YOUR TASK: All that is wanted is the exact text of the lines below from the one with "McConnell tradespeople gather" through the one with "Lot: pair of", inclusive, minus any pictures.

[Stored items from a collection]
^^^^^^^^^^^^^^^^
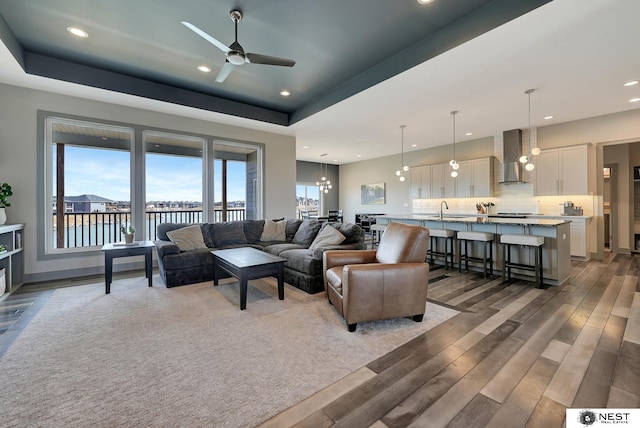 living area with ceiling fan with notable chandelier, a raised ceiling, wood finished floors, and recessed lighting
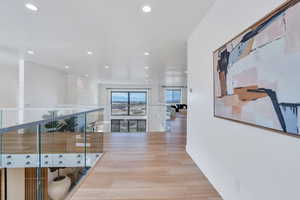 Hall with light wood-style flooring and recessed lighting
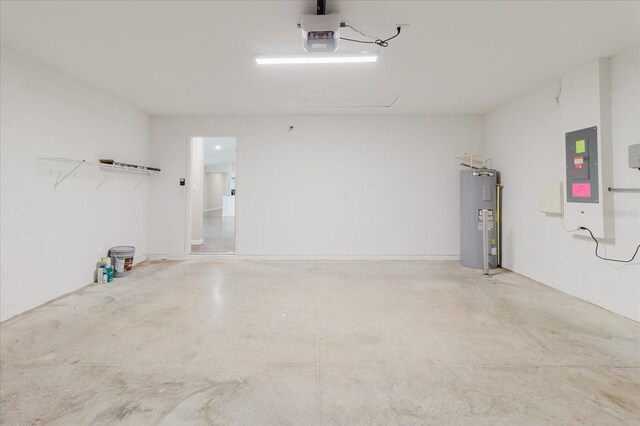 13016 Boggy Creek Dr, Riverview, FL 33579 - garage featuring electric water heater, a garage door opener, and electric panel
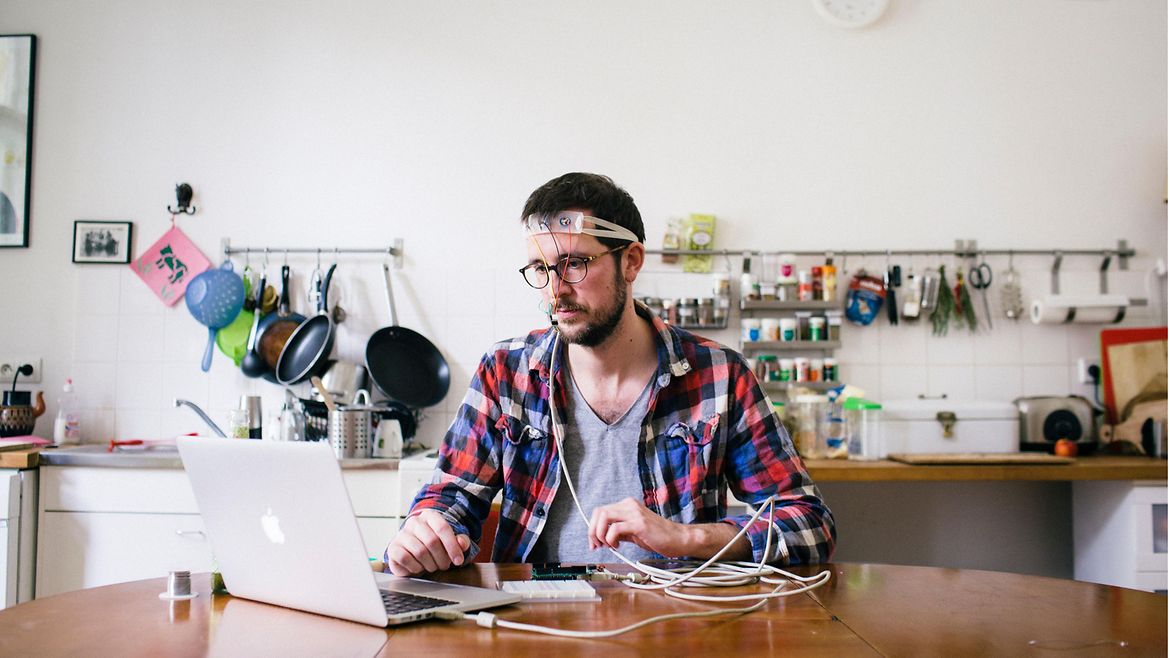 Ein Mann sitzt an einem Laptop und trägt ein Stirnband mit Elektroden am Kopf.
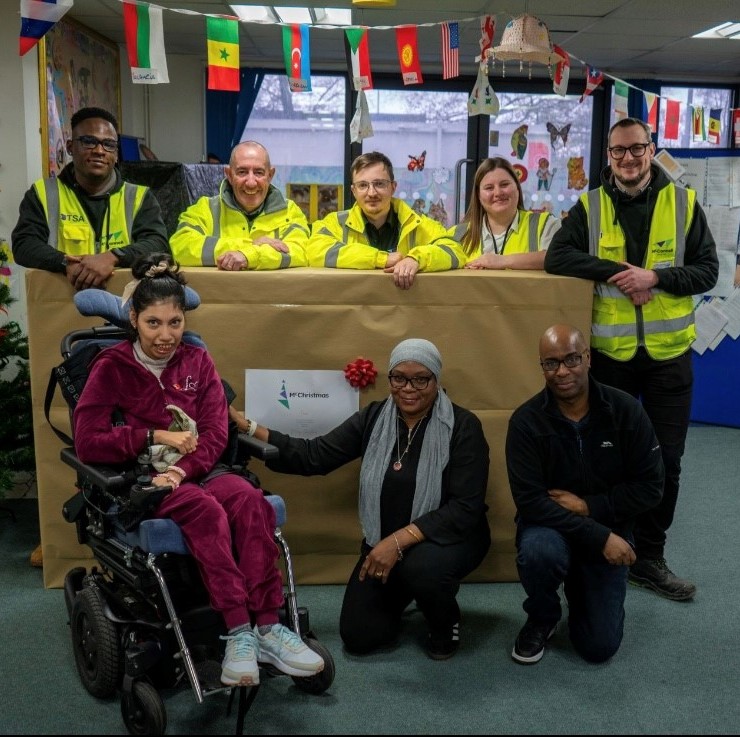 McConnell tradespeople gather beside a new large TV donated to the Brent Play Association to give young people and children with mobility issues better access to entertainment.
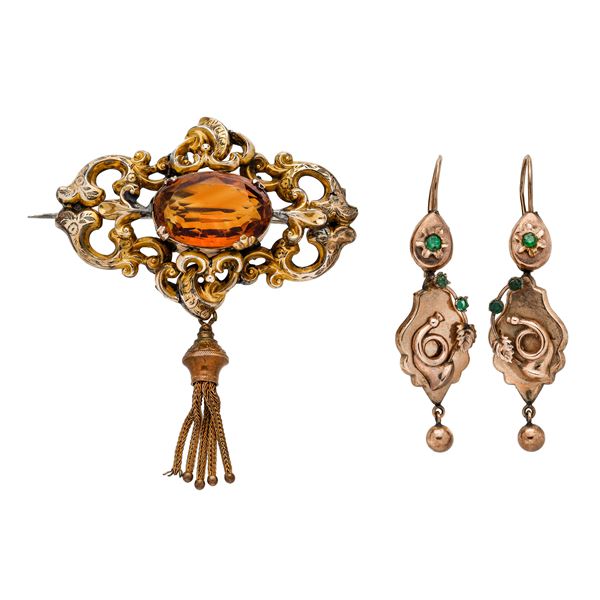 Lot: pair of earrings and brooch in gold with a low title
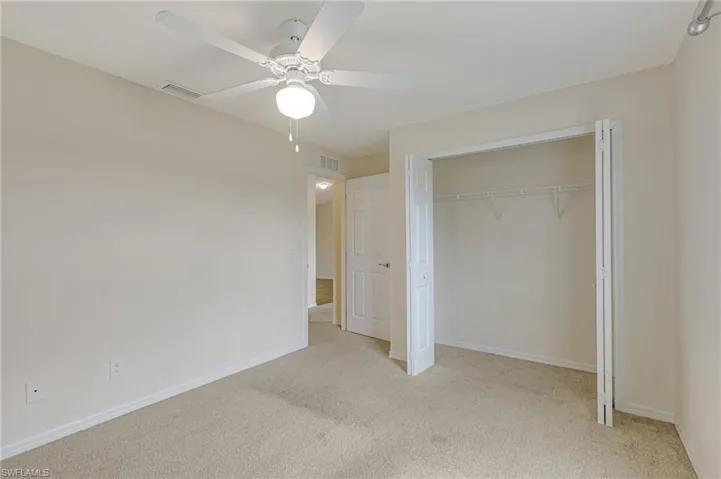 Bedroom with light colored carpet, a closet, and ceiling fan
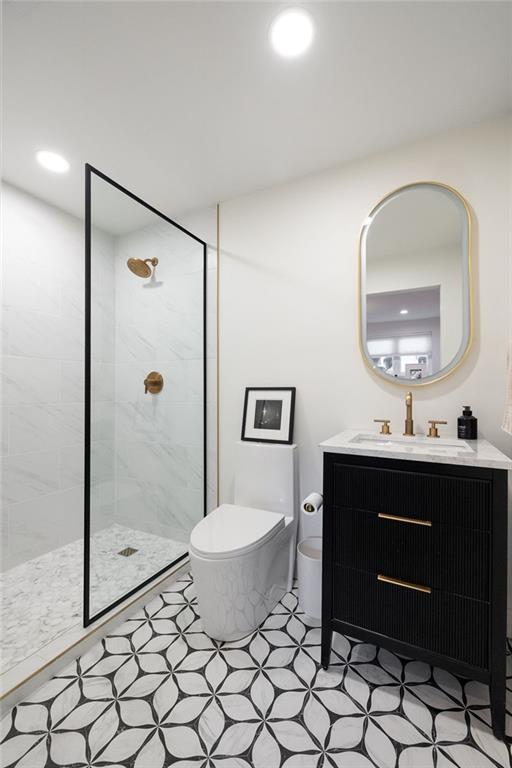 237 Sycamore Place Decatur, GA 30030 - Photo 45 of 52 a spacious bathroom with a toilet a sink and mirror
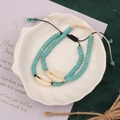 Detail of blue lapis bead bracelet set with shell accents on decorative white tray - Style 18-Double Shell Bracelet
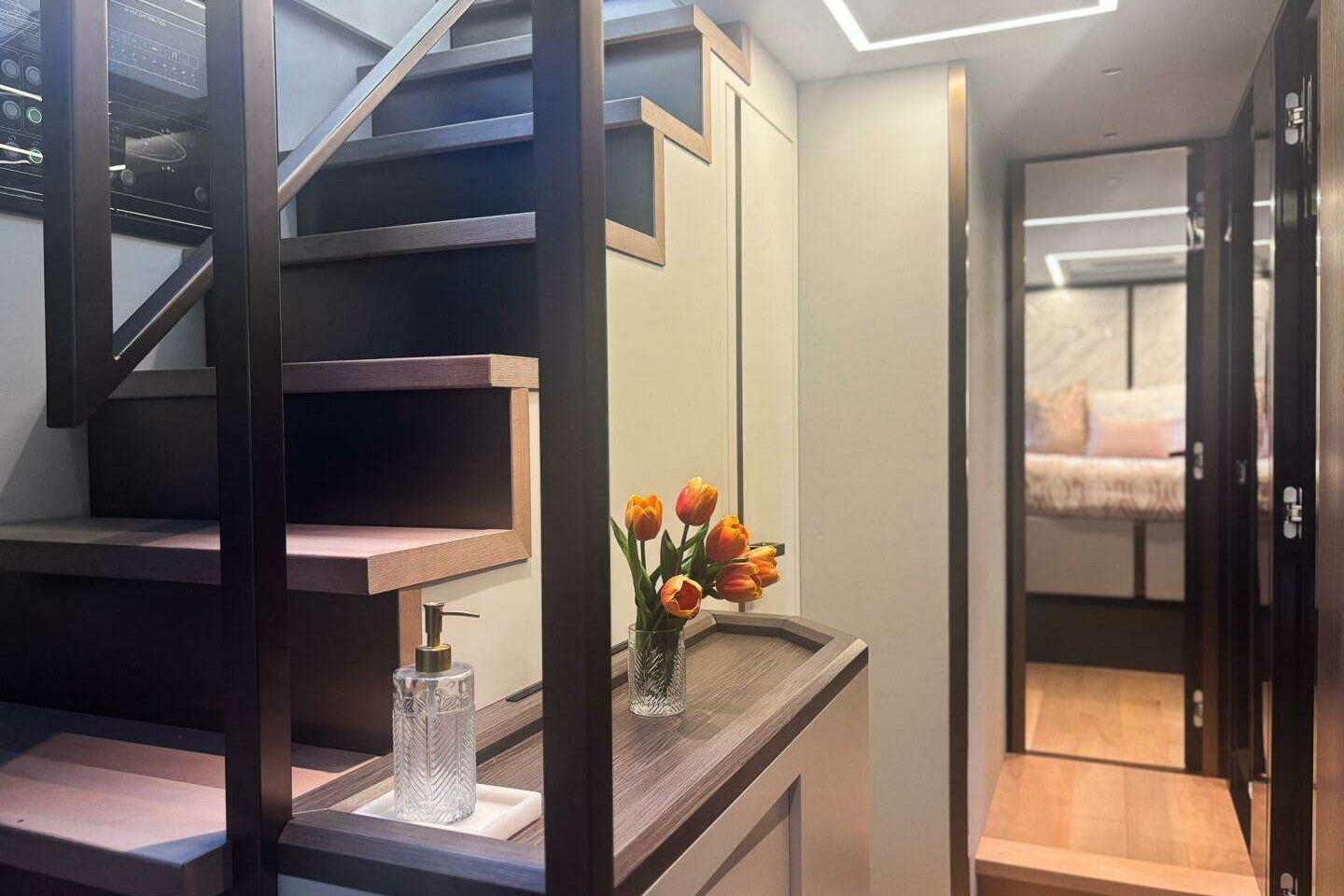 Luxurious interior of 2024 Explorer EX62 yacht with modern staircase and elegant decor.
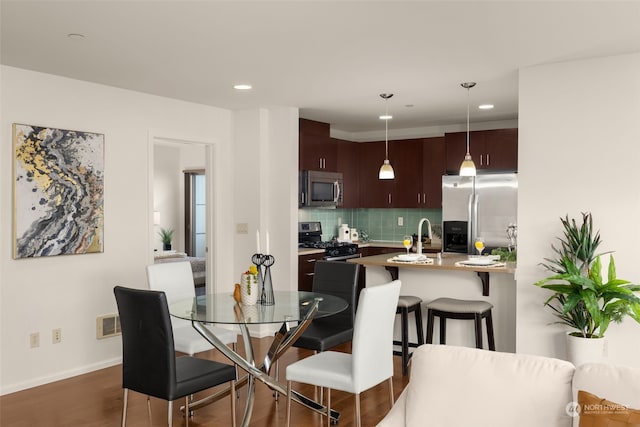 dining space with dark wood-type flooring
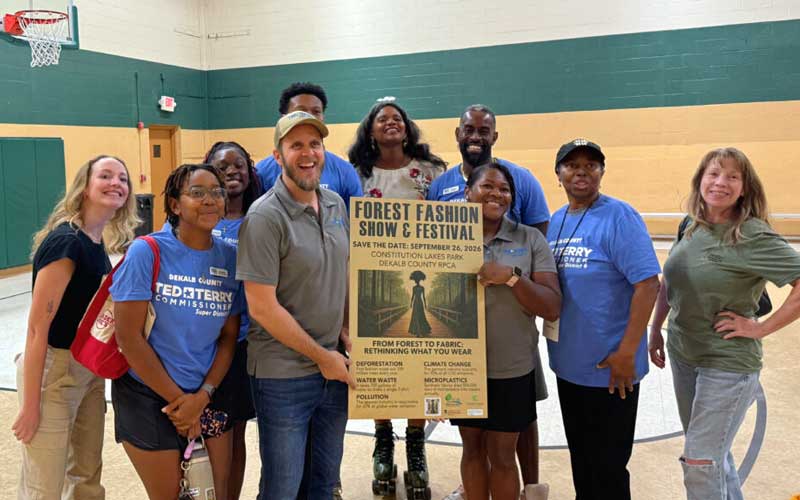 Group of people smiling and holding a "Forest Fashion Show & Festival" poster in a gymnasium.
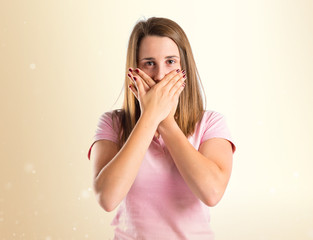 Young girl doing surprise gesture over white background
^^^^^^^^^^^^^^^^
ANSWER FOR THE TASK:
 McConnell tradespeople gather beside a new large TV donated to the Brent Play Association to give young people and children with mobility issues better access to entertainment.
 Lot: pair of earrings and brooch in gold with a low title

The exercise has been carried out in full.